El relato bíblico de la rebelión de Absalón se desarrolla con un ritmo que deja al lector sin aliento. Cuando David descubre la conspiración ésta ha llegado tan lejos que el rey se ve obligado a huir de la capital. Pero incluso en medio de su adversidad el rey David goza de suficiente prestigio para ganarse adeptos. Entre sus soldados leales hay 600 mercenarios capitaneados por un pagano de nombre Etaí. "¿Para qué vienes con nosotros?" le pregunta abatido David. La orgullosa respuesta de Etaí continúa conmoviendo los ánimos: "Doquiera que tú, ¡oh rey y señor mío!, estuvieres, o para morir o para vivir, allí estará tu siervo".
David ha envejecido, pero sigue siendo un hábil estratego. Divide sus tropas en tres destacamentos mandados por jefes veteranos. Quisiera encabezar él mismo su ejército, pero sus hombres no se lo permiten.
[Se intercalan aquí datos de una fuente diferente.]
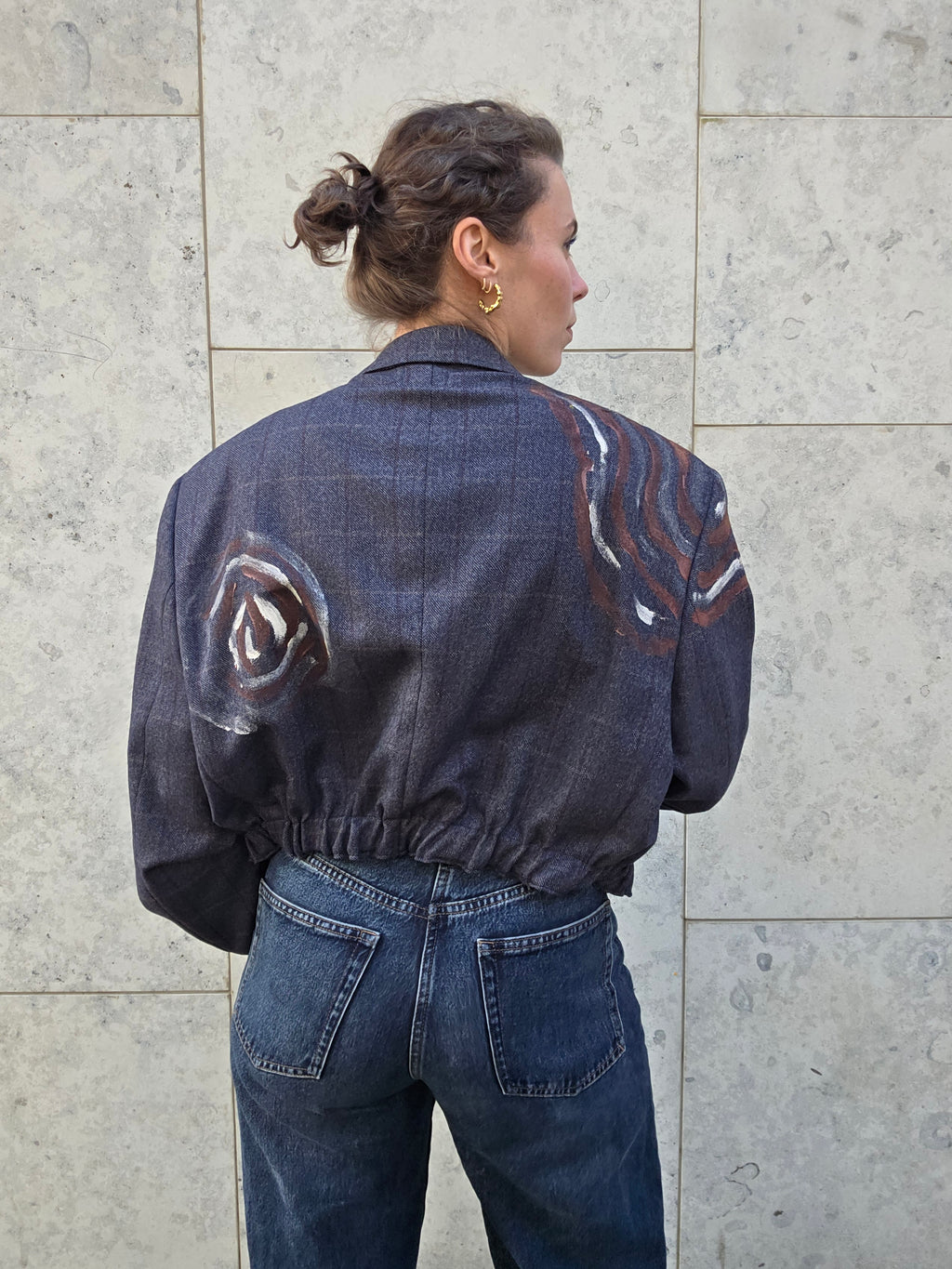 Painted short blazer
Incluso en ese momento de supremo peligro, David da muestras de la dulzura de su carácter; no le es posible sancionar la muerte de Absalón. "Conservadme a mi hijo Absalón", ordena a sus capitanes.
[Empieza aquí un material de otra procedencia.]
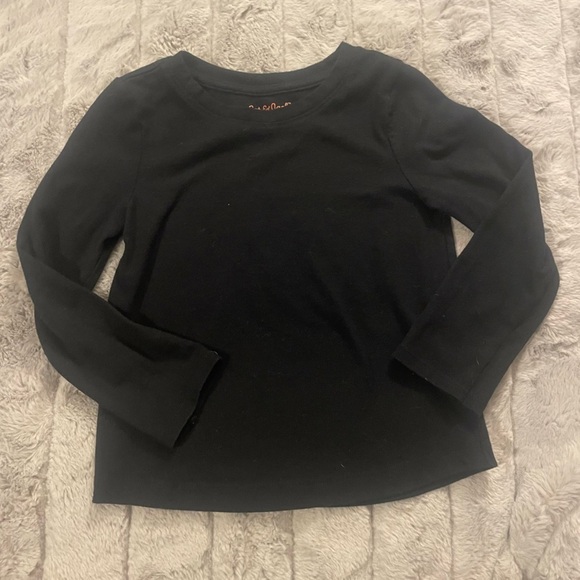 Multibrand 4T Long Sleeve Shirts Bundle, Solid, Girl, Red, Black, Basics - Picture 8 of 10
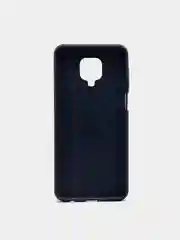 Темно-синий чехол Xiaomi Redmi Note 9S / Note 9 Pro имитация под карбон и металл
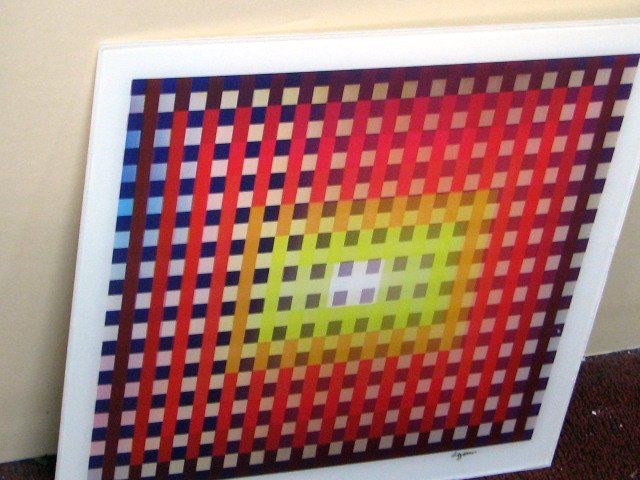 AGAMOGRAPH, HOMMAGE CHOPIN" SIGNED & NUMBERED: ""HOMMAGE CHOPIN""rnrn25/99rnrnone of his special pieces "rnrnrnArtist: Yaacov AgamrnrnMedium: Agamograph, Signed in InkrnrnrnYAACOV AGAM KINETIC ART WITH MOVEMENT AGAMOGRAPH, ,rnrnTHIS AGAMOGRAPH, ME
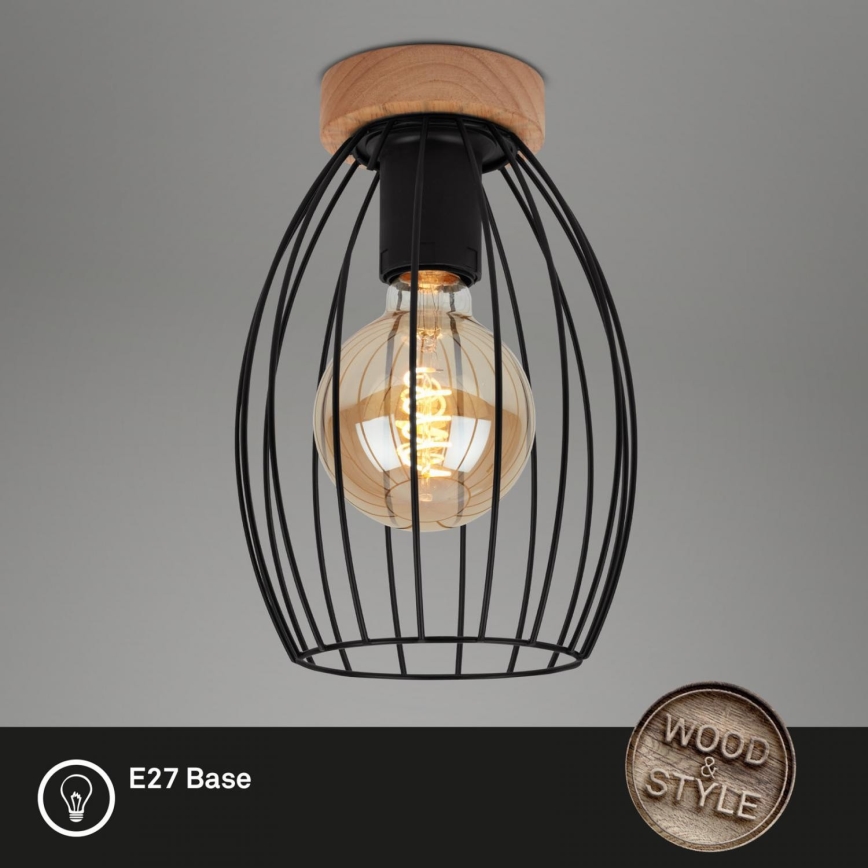 Brilo - Plafón WAKTU 1xE27/60W/230V árbol de caucho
Los bisoños reclutas de Absalón no son adversarios dignos de los veteranos de David. Los ejércitos chocan, y los rebeldes salen derrotados. A pesar de las órdenes reales, Joab, decidido a proteger a su rey a toda costa, mata por su propia mano a Absalón.
Cuando David se entera de la muerte de su hijo, se entrega a un dolor inconsolable. "Entonces el rey, lleno de tristeza, subióse a la torre, y echó a llorar, diciendo mientras subía: "¡Hijo mío Absalón! ¡Quién me diera Absalón, hijo mío, que yo muriera por ti! ¡Oh hijo mío Absalón!"
La aflicción de David echa un manto de luto y silencio sobre su victorioso ejército. Por último, Joab entra en la estancia donde el rey estaba sentado, con la cara oculta entre las manos, gimiendo por su vástago. El viejo veterano dice bruscamente a David que su conducta es un insulto a quienes le han salvado la vida y el trono. David acepta que Joab está en lo justo. Su faceta pragmática aparta al personaje sentimental, y se da a la tarea de reconstruir su desmembrado reino.
Llegó por fin la hora en que David "era viejo y entrado en años". El palacio hervía de intrigas, a juicio del narrador, como consecuencia del pecado cometido con Betsabé mucho tiempo atrás. Sin embargo, fue Salomón, hijo de Betsabé, el ungido rey con la bendición de su padre. "Yo voy al lugar adonde van a parar los mortales. Ten tú buen ánimo y pecho varonil; y observa los mandamientos del Señor Dios tuyo, siguiendo sus caminos..."
Fue pues David "a descansar con sus padres", con su gran corazón al fin en paz. Pero sus salmos, su valor y su lealtad no murieron, como tampoco desaparecieron en el olvido su pasión por la justicia, ni su inquebrantable fe en Dios. Este legado sigue en pie para todo aquel que abra el libro inmortal y lea la historia del rey pastor que, a despecho de sus humanas flaquezas, fue (como dice la Biblia) grato al corazón del Señor.